Então como exigir uma imprensa séria se nós nos levamos a sério demais ao nos esforçarmos ao máximo para parecer algo que muitas vezes não somos? E se o somos, queremos deixar bem claro a todos que sim.

Como se a vida fosse um palco de teatro e coubesse a nós a última deixa.
A fala mais importante.
Fundamental na peça.
Na vida de alguém.






Solidão.

domingo, 2 de outubro de 2011

Yoga

Inspirar profundamente, com a coluna reta. Agora expira enquanto coloca a testa no chão. O chakra fluirá melhor. Será o da coroa? Pois não sei. Agora volta a sentar com a coluna reta, expirando lentamente. Todos os seus problemas estão do lado de fora. Inspira e abraça o joelho. Segura a respiração. Pode voltar a ficar deitado, expirando lentamente.
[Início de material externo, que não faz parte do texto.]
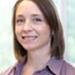 Photo: Dr. Carolyn Koenig, MD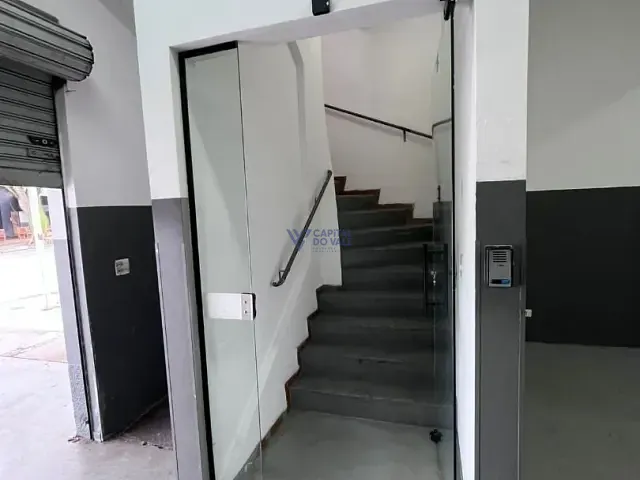 Galpão / Barracão com 1052m², à venda ou para alugar, no bairro Vila Nair em São José dos Campos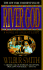 River God: a Novel of Ancient Egypt (Novels of Ancient Egypt)
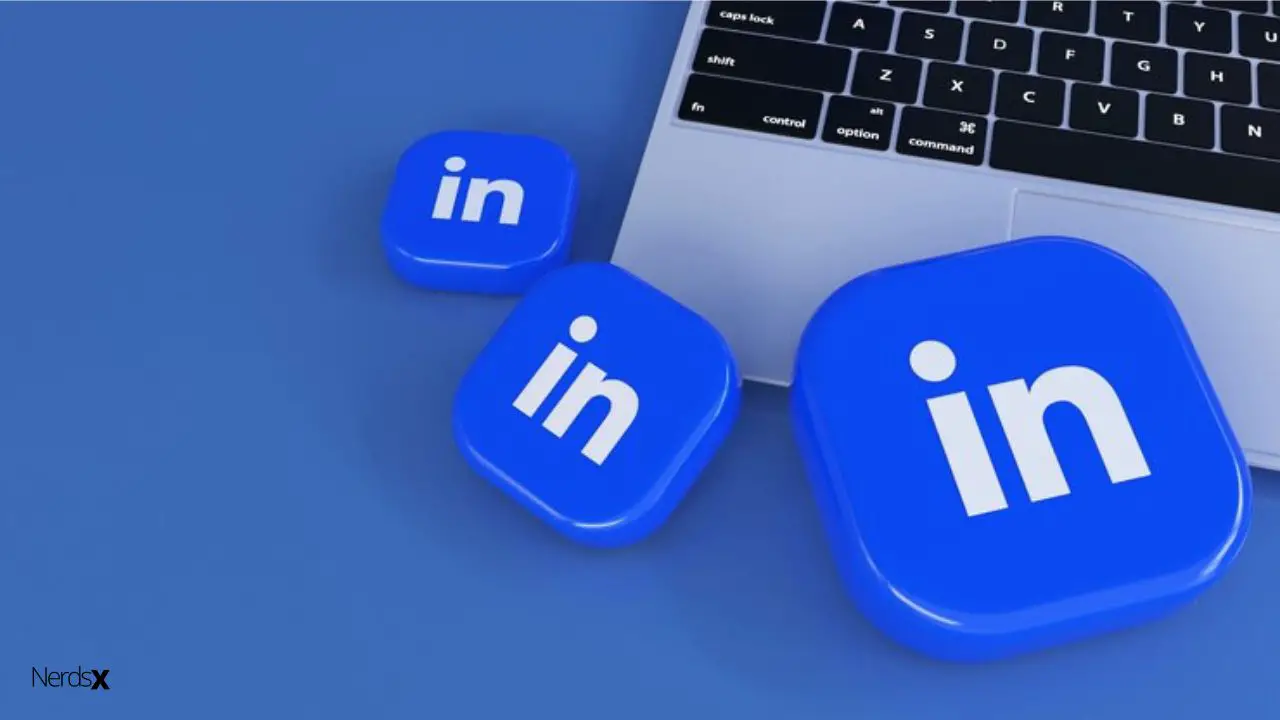 How to Download Videos from LinkedIn Learning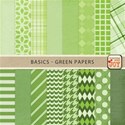 cwJOY-BasicsGreen-preview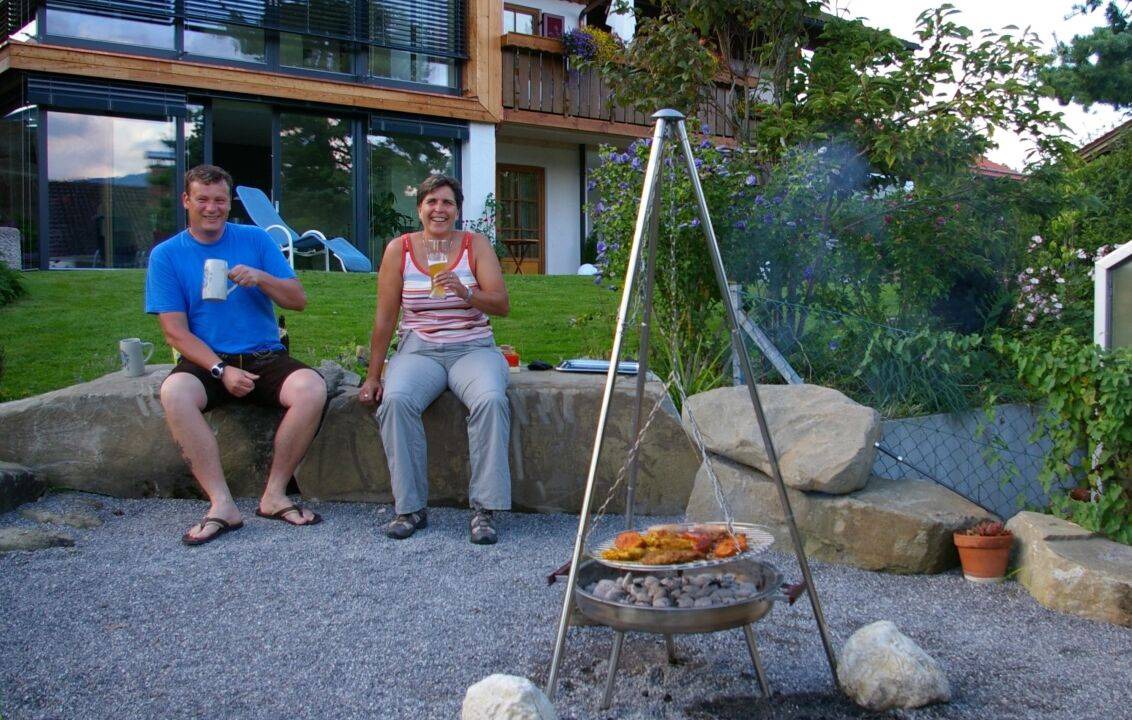 Photo of Others in Rieden am Forggensee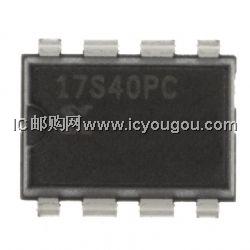 XC17S40PD8CDƬ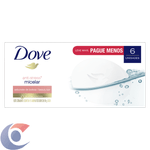 SAB-BARRA-DOVE-6X90G-ANT-STRES-MICEL
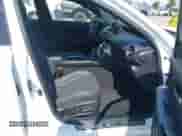 2024 Lexus IS 500 F Sport Performance z VIN JTHAP1D22R5006706, wystawiony jako IAAI lot #42397037 z przebiegiem 1 317 mil mil oraz . Historia ofert i sprzedaży dostępna na DreamBid. Obrazek 5.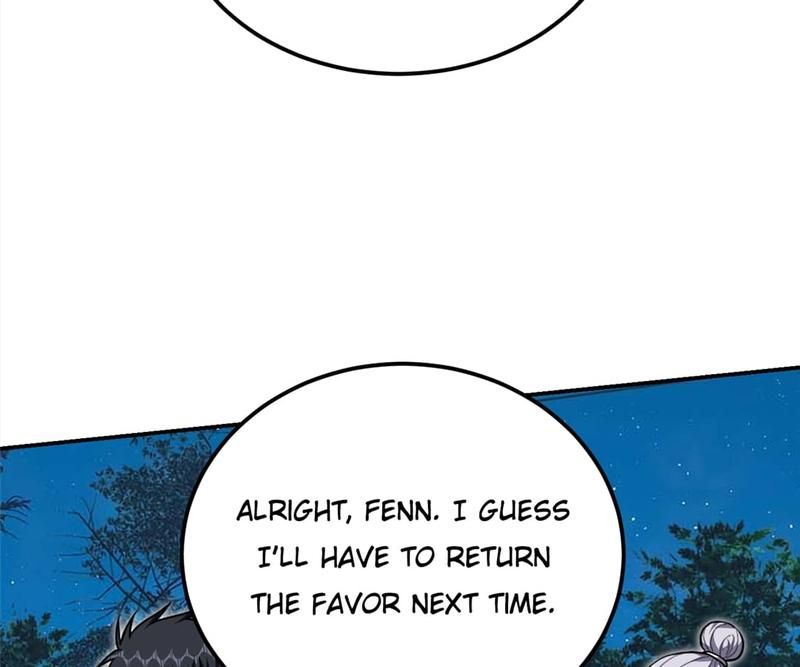 Pick Up the Prettiest Girl - Episode 305 — page 25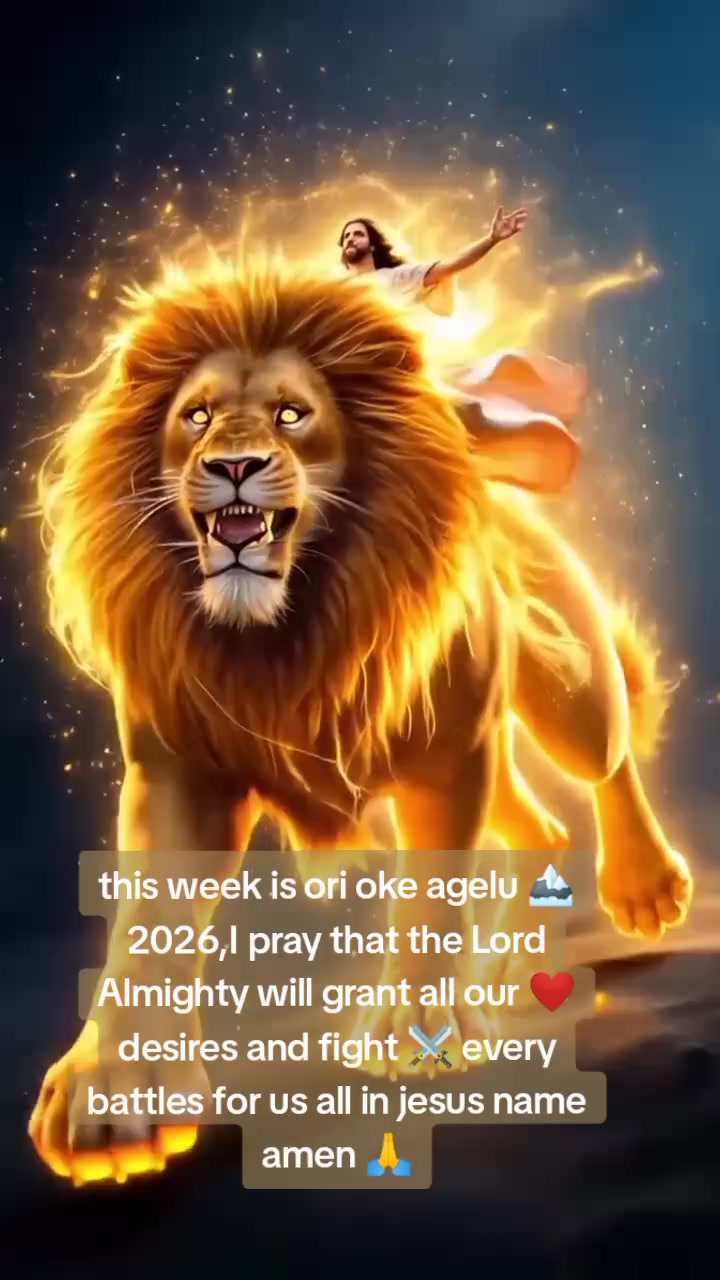 @SNR PROPHETESS LIZZYAROJIBIKA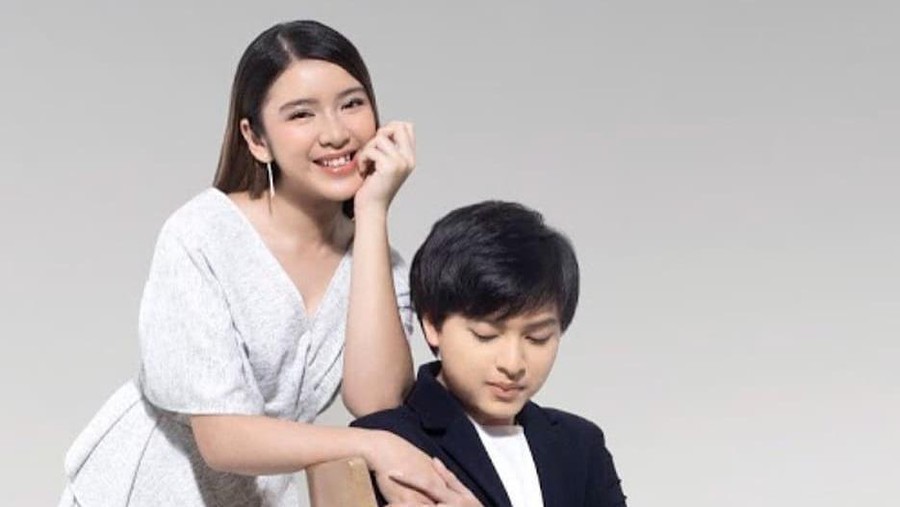 Bernuansa Korea, Ini 3 Fakta Menarik Musik Series 'ArTi Untuk Cinta' Bernuansa Korea, Ini 3 Fakta Menarik Musik Series 'ArTi Untuk Cinta'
Como se fôssemos todos bebês na barriga da mãe. Aprendendo a respirar pelo cordão umbilical. Alguém já pensou na primeira respiração do feto? Quando é possível dizer que ela ocorreu. Entre um esperma e algo gelatinoso, posteriormente de uma maneira quase sólida, onde dá para dizer: respirou? Ou talvez jamais dê, sendo esta a polêmica do aborto.

O olho de Londres.

Segure as mãos acima da cintura, com a coluna reta. Quem sabe vamos viajar para o lugar dos sonhos? Ninguém pediu, mas eu faço mesmo assim. O Egito quem sabe. Mergulhar numa montanha de areia, fugir de uma tempestade, morrer de calor, morrer de frio, peregrinar como fizeram aqueles da Bíblia, estudados na Catequese e Crisma. Depois escrever longos relatos para uma revista qualquer, que no fim ninguém vai comprar, porque só sei falar de consciência, parece que me falta palavras que abordem o que é palpável. Ou quem sabe encarar a vida de agora e seus problemas e todos os seus dilemas e desdobramentos, onde morar onde ficar como comer o que escolher para amanhã? Sonhando com o Egito e com montanhas de areia.

Mais três respirações lentas. Pode começar a tormar consciência do corpo, mexendo os pés, braços, joelhos e mãos. Já tomei consciência do corpo, moça. Mas pra quê fazer Yoga? Pra quê estudar Filosofia? Por que Arte? Por que arrumar a cama se de noite eu desarrumo?

Daquelas perguntas sem sentido, cuja única resposta é: para ter mais um motivo que rode a roda da vida. E quebrar a rotina, porque hoje todos a tememos. É uma vida por demais interessante, então é tudo tão imprevisível... Todos muito felizes e realizados. Pois não viram nossas fotos nas redes sociais? Estamos sempre sorrindo ou fazendo uma expressão de mistério. Venha me descobrir. Inclusive, somos todos cultos e lemos livros incrivelmente intelectualizados, entendemos muito de cinema, música, assim como temos um senso crítico que nos permite formular sentenças sobre praticamente todos os assuntos. Exceto Ciência, porque somos das Humanas.

Abram alas. Já faz horas que começou o espetáculo. Ninguém reparou? E somos todos o personagem principal.